Physiology and Hygiene and the French language are now taught in nearly all the schools whose teachers are capable of so doing.

Obtaining statistics from private schools is a precarious matter. Though the inspector is generally courteously received, seldom he is favored with the desired information at once, but is frequently put off by being asked to leave a list of what is required. These lists, with few exceptions, are never returned. Owing to the energetic measures adopted by the school commissioners of the city of Montreal in providing superior accommodation for the children under their care, the number of private schools is diminishing. If there is a spark of gratitude in man, the Premier, Mr. Mercier, should feel the effects of it, for the inestimable advantages that he has conferred on the young artisans, clerks and laborers, not only of the city of Montreal, but also of the Province of Quebec, by the night schools. It was my privilege to teach a class of young men and women (Jews) that I found without a teacher one night last winter in the British and Canadian School,

and a more studious and interesting class I have scarcely ever taught. There is necessarily a sameness in our annual reports that makes them tedious, and, as the educational machinery is working somewhat smoothly, this one is no exception. The prize books have been awarded to deserving pupils of the schools of Argenteuil, Lacolle, Hemmingford and the suburban schools of the city of Montreal. The prize cards are given only to such pupils as are found ready to be promoted to the next grade.

I have the honor, etc.,

School Inspector.


His Honor the Lieutenant-Governor has been pleased, under date 14th February, 1891, to appoint five school commissioners for the municipality of Cote St. Paul, Co. Hochelaga.

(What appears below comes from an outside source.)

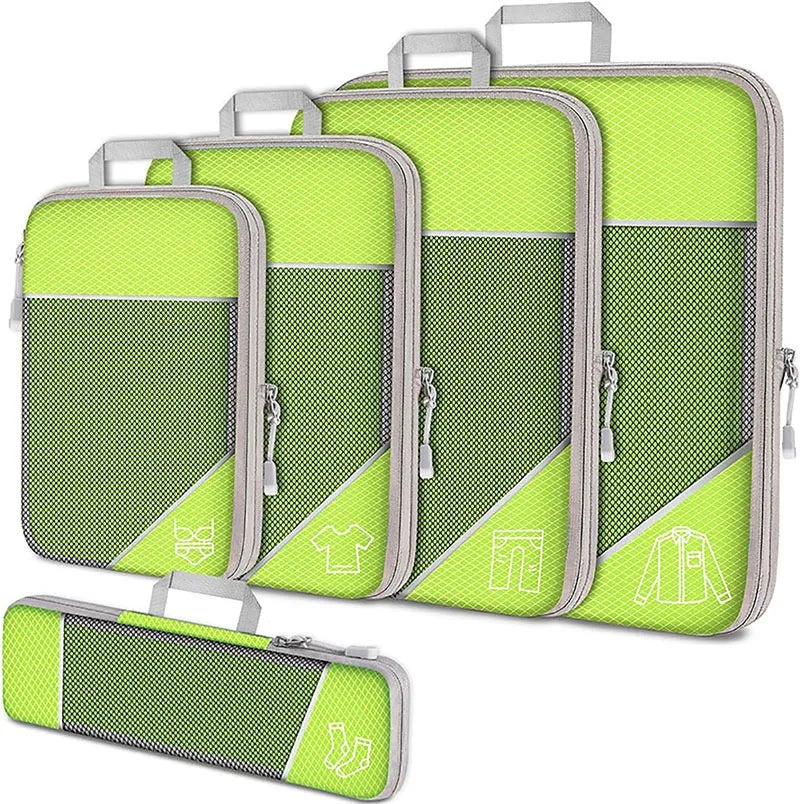 Organiseurs de compression pour valise – Set de 5 avec sac à chaussures – vue complémentaire 7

24th February. To appoint five school commissioners for the new municipality of St. Louis of Westbury, Co. Compton.

12th March. To appoint five school commissioners for the new municipality of St. Herménégilde, Co. Stanstead.

His Honor the Lieutenant-Governor, in Council, has been pleased to order, whereas the dissentient school trustees of the municipality of Roxton Falls, in the County of Shefford, have allowed one year to pass without having a school in their municipality, or jointly with other trustees in a neighboring municipality, and have not put the education law in force, and have taken no measures to establish schools according to law; that the corporation of the said dissentient school trustees for the said municipality of Roxton Falls, in the said County of Shefford, be declared dissolved within the delay determined by law.

To detach school districts one and six of the parish of St. Andrews, Co. Argenteuil, from the school municipality of the parish of St. Andrews, same county, and to erect the same into a new school municipality, under the name of the Village of St. Andrews, Co. Argenteuil. (This erection applies to the Protestants only.) 21st March. To detach certain lots from the municipality of Forsyth (St. Evariste), Co. Beauce, and to annex them to the school municipality of Adstock, same county; also to detach certain lots from the school municipality of St. Henry of Mascouche, Co. L'Assomption, and to annex them to the municipality of St. Lin, same county. Both these annexations to take effect from 1st July, 1891. 942.